I would be extremely grateful to see how such a simple (to the naked eye) check could be logically and rigorously constructed without vba, using straight array formulae or otherwise. As the rest of the spreadhseet is blank, feel free to use as many helper columns as possible.

thanks and many regards for any help.

xluser2007
11-24-2008, 04:40 AM
Workbook as per post #1:

Bob Phillips
11-24-2008, 07:03 AM
Try this

=IF(OR(A2<>A1,B2<>B1),IF(C2=0,"Ok","Should be restart"),IF(OR(C2=0,C2=C1+1),IF(C2>130,"Too big","Ok"),"Out of sequence"))

xluser2007
11-24-2008, 04:13 PM
Hi Bob,

The simplicity and accuracy of your responses never ceases to impress me.

Just to check that I have implemented correctly, please find attached the workbook.

In D2, the formula seems to give "Ok" (which is correct) when it compares the text values in row 1 and number values in row 2. Could you please explain how the formula checks this part.

I have put through summary checks below in D24631:D24633, could you please clarify that this is the way your formulae were intended to provide the final check.

Also, one other thing, if I put your formulae in column D and delete any row, I get #REF! errors, is there any way to control for this deletion and show that an error has occurred (i.e. show that there are missing entries and the process should be restarted)?

Thanks for all your help, I really appreciate it :).

Bob Phillips
11-25-2008, 02:08 AM
Hi Bob,

The simplicity and accuracy of your responses never ceases to impress me.

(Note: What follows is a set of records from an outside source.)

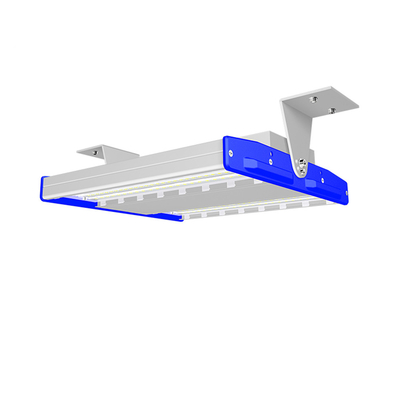 IP54 100-500W ไฟพลังงานแสงอาทิตย์กลางแจ้งเชิงพาณิชย์ High Bay K5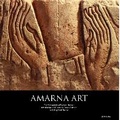 Cover: Amarna Art - Zeitouna
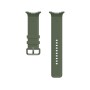 Comprar Samsung Sport Band Oliva - Correa para samsung galaxy Watch9 (watch8) (m/l) - Ganga Electrónica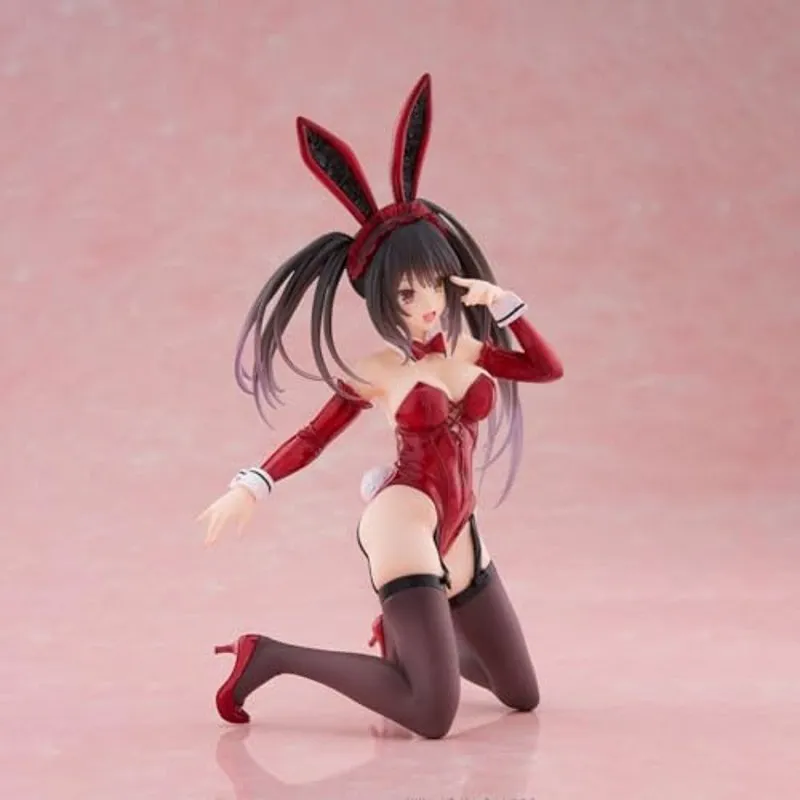 date-a-live-tokisaki-kurumi-bunny-girl-figur-hasenm-dchen image 3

I am sure that the formula could be reduced but I think that it may be more obtuse rather than simpler, so I left it.


Just to check that I have implemented correctly, please find attached the workbook.

In D2, the formula seems to give "Ok" (which is correct) when it compares the text values in row 1 and number values in row 2. Could you please explain how the formula checks this part.

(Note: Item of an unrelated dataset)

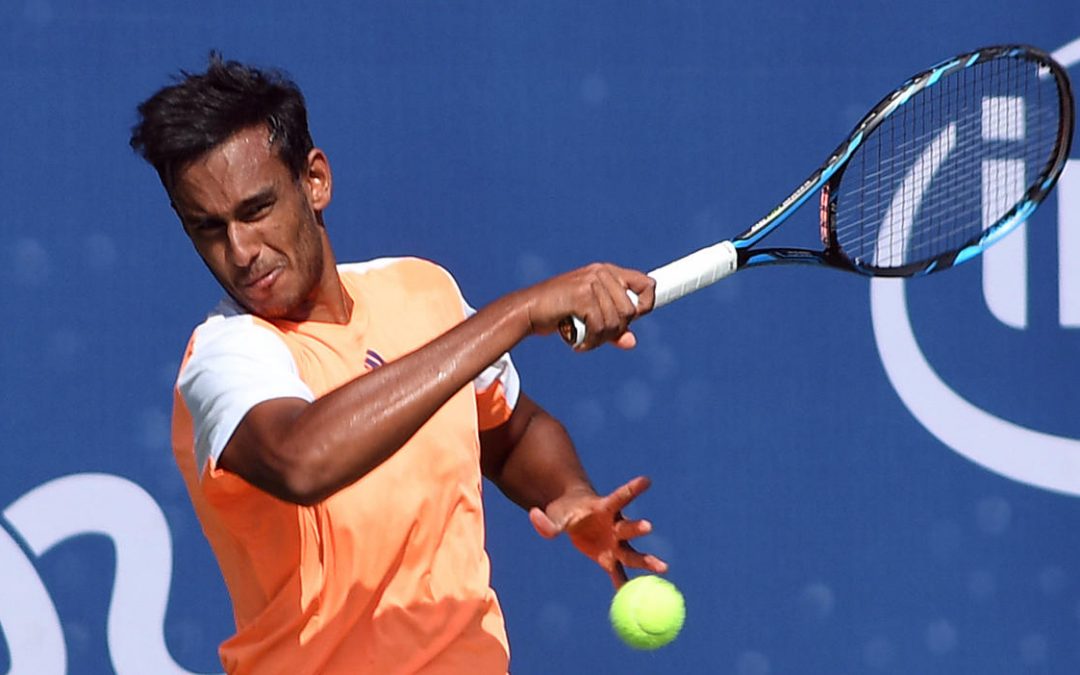 Mukund – Duckworth (AH +4,5) H 2,00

It starts by checking if either of the values in column A or column B is different to the previous row, if so then FieldC should be a value 0. The formula checks the A and B values, if not the same as previous, it then checks the C value for 0, if so the Ok message else Restart message.


I have put through summary checks below in D24631:D24633, could you please clarify that this is the way your formulae were intended to provide the final check.

If I understand you correctly, that was how I tested it.


Also, one other thing, if I put your formulae in column D and delete any row, I get #REF! errors, is there any way to control for this deletion and show that an error has occurred (i.e. show that there are missing entries and the process should be restarted)?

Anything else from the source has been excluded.